The photo of the other certificate claims it is a “certificate of achievement” given to the same person, with “Chris Evans” and the name of another individual that is too blurry to read.

More tellingly, ANI reported that the girl had been selected to sit on a non-existent panel on the back of a paper about “black holes and god”. According to a screenshot the news agency shared, purportedly of an email in the girl’s inbox confirming the paper’s acceptance to a journal, the journal appears to be an “International Journal of Scientific and Engineering Research” (IJSER). The paper’s title is “We Live in Black Hole?”

The email also shows that the girl would have had to pay a fee to have her ‘paper’ published in IJSER, with a link pointing to the IJSER registration page. The cost of “research paper registration” varies from $55 to $80[footnote]Rs 4,100 to Rs 6,000[/footnote]. However, contrary to its claim in the email, IJSER doesn’t appear to have published a paper on black holes in May 2021.

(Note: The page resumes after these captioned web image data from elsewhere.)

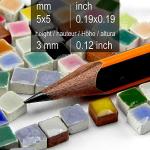 Glazed Ceramic Tiles for DIY Mosaic Artwork Arts, 0.19 Inch 5 mm, 1000 Pcs Dark Green, RG07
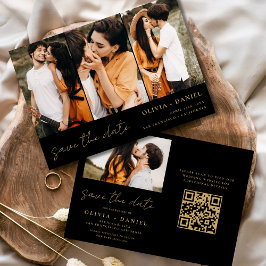 QR Code Modernes Foto Save the Date 4 Elegant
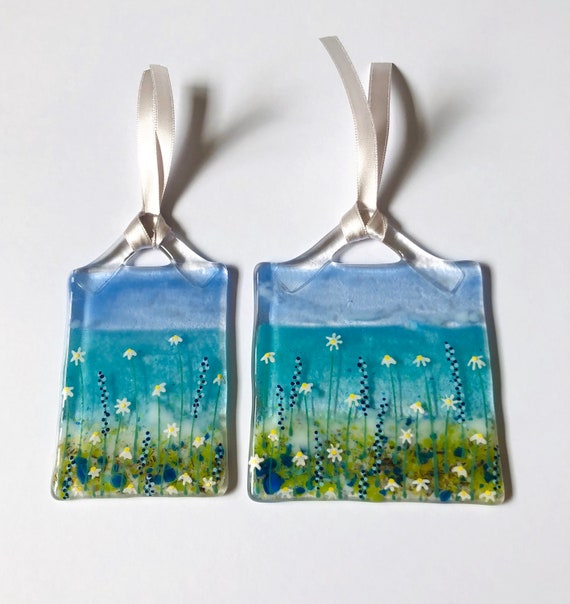 Fused Glass Art Fused Glass Cornish Coast With Flowers Glass Etsy UK
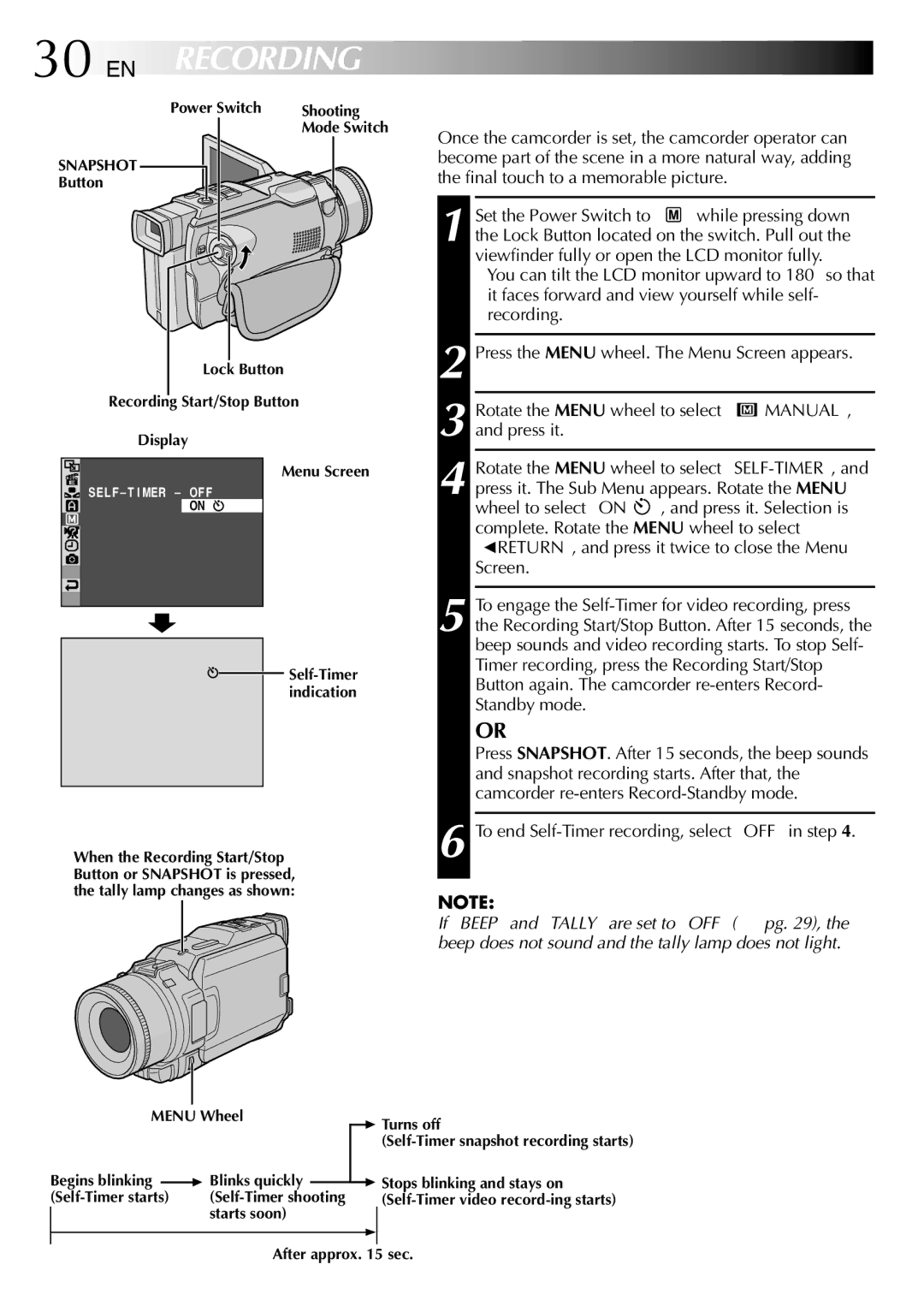 JVC GR-DV1800 specifications Self-Timer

India is home to many of the world’s ‘fake journals’, which will publish even nonsensical papers in exchange for a fee. They are the product of, among other things, a ‘publish or perish’ academic culture that has dominated India without paying sufficient attention to academics ability and/or willingness to conduct research. When institutions required even teachers to conduct studies, write papers and have them published, ‘pay and publish’ journals turned up to turn quick and easy profits.

At the same time, these three incidents – and many others that news agencies haven’t covered – highlight three common problems that make the girl and others like her susceptible to being tricked.

The first is NASA’s presence in public discourse in India, especially of late where the space agency has routinely featured in conversations (outside of the spaceflight circuit) as an ultimate arbiter of excellence.

For example, in 2019, former education ministry minister Ramesh Pokhriyal ‘Nishank’ said at the 57th convocation of IIT Bombay, “NASA has said in the near future if computers have to speak, then they can only do so on the strength of Sanskrit, else computers will crash because Sanskrit is a scientific language.” There seems to be an impression that ‘if NASA says something, it must be true’. But like the Indian Space Research Organisation, NASA primarily builds and launches rockets and satellites, and funds space activities and research.

Second, we lack a wider appreciation for what black holes really are. It may not be a coincidence that both the Aurangabad and the West Bengal students claimed, five years apart, that they had a theory about black holes. It is hard to say who got the idea first – a third-party individual, their parents or themselves. But at the heart of these incidents is the conviction that not many people understand what black holes are, and claims involving them are likely to go unchecked.

Of course, the news agency ANI is also to blame for amplifying such untenable claims. (Another email supposedly from NASA contains a glaring spelling mistake that should have rung alarm bells.) Another news publisher also reported that the girl would attend a conference organised by NASA, with the agency bearing all her expenses, in October 2021. A different outlet that had published ANI’s article took it down on August 20, pending review.

As for the third and final problem: there appear to be a Twitter account and a profile on upwork (an online marketplace for freelance work) associated with her name, where she claims to be an “assistant researcher at NASA Langley Centre”. (The Langley website doesn’t show her name.) Both Twitter and upwork require their users to be 18 years or older, whereas ANI’s report says she is only 14 years old.

All this goes to show the inordinate expectations we are developing of our children, to achieve greater goals at younger and younger ages, with little of the requisite support at home or in school. ANI’s tweets on Twitter also include photos of the girl typing on her laptop, at her desk at home, from multiple angles, and speaking to the camera. It’s unclear who created these profiles and photo-ops, but it does not bode well for her and her family’s mental well-being to be exposed this way for dubious reasons.